- _RECORDED INFORMATION_:
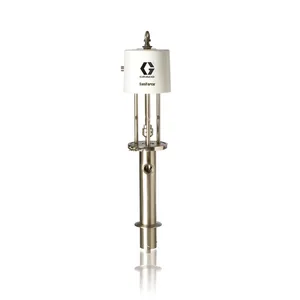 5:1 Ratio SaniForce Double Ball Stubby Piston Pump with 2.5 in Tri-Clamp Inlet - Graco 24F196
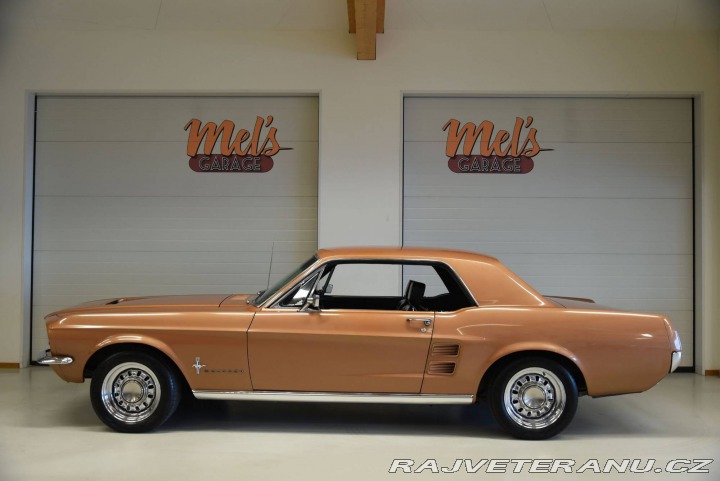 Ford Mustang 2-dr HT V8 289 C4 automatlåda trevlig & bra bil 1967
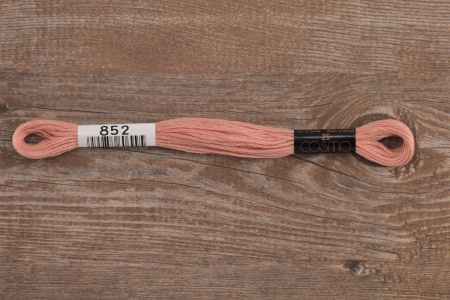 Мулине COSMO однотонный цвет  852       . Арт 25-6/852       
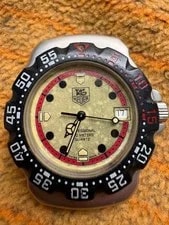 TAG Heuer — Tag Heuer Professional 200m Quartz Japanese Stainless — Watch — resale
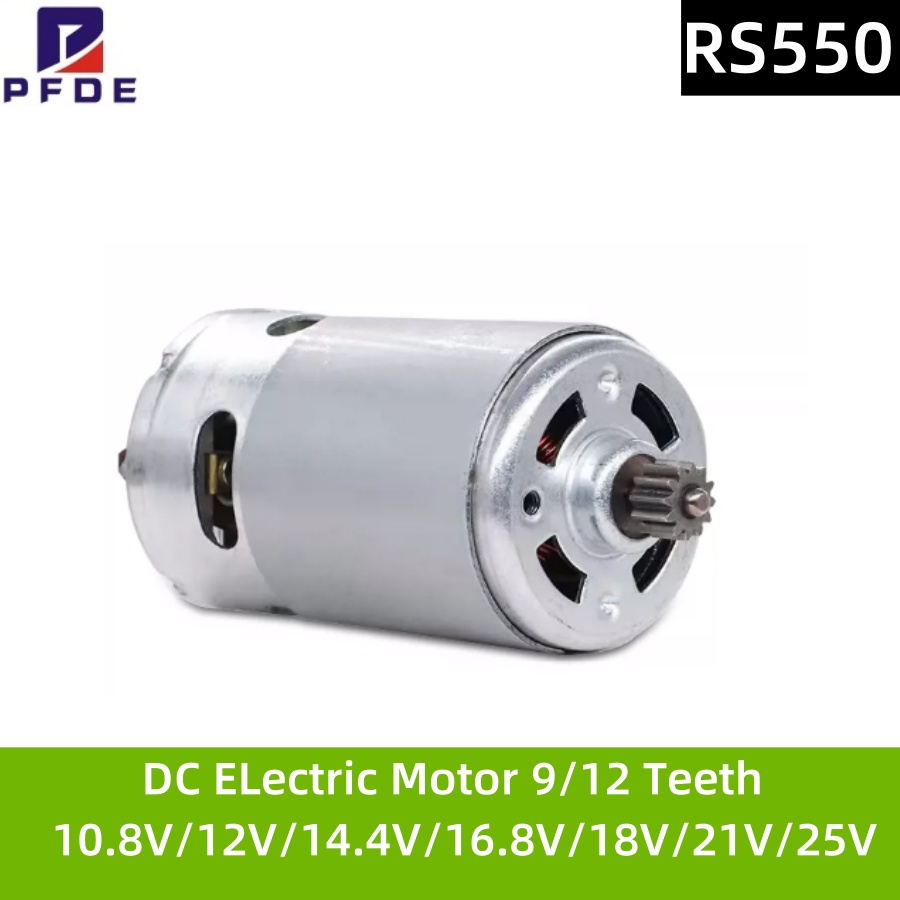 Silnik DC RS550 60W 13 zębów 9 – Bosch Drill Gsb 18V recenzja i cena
---
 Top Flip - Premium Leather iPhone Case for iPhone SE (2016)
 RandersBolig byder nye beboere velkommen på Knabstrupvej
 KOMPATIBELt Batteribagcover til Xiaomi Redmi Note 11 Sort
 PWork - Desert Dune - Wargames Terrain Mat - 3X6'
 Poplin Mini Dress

- _WORK INSTRUCTION_:
Reproduce exactly, and only, the part of the listing above that begins at the line with "KOMPATIBELt Batteribagcover til" and goes on through the line with "Poplin Mini Dress".

- _ANSWER TO THIS EXERCISE_:
 KOMPATIBELt Batteribagcover til Xiaomi Redmi Note 11 Sort
 PWork - Desert Dune - Wargames Terrain Mat - 3X6'
 Poplin Mini Dress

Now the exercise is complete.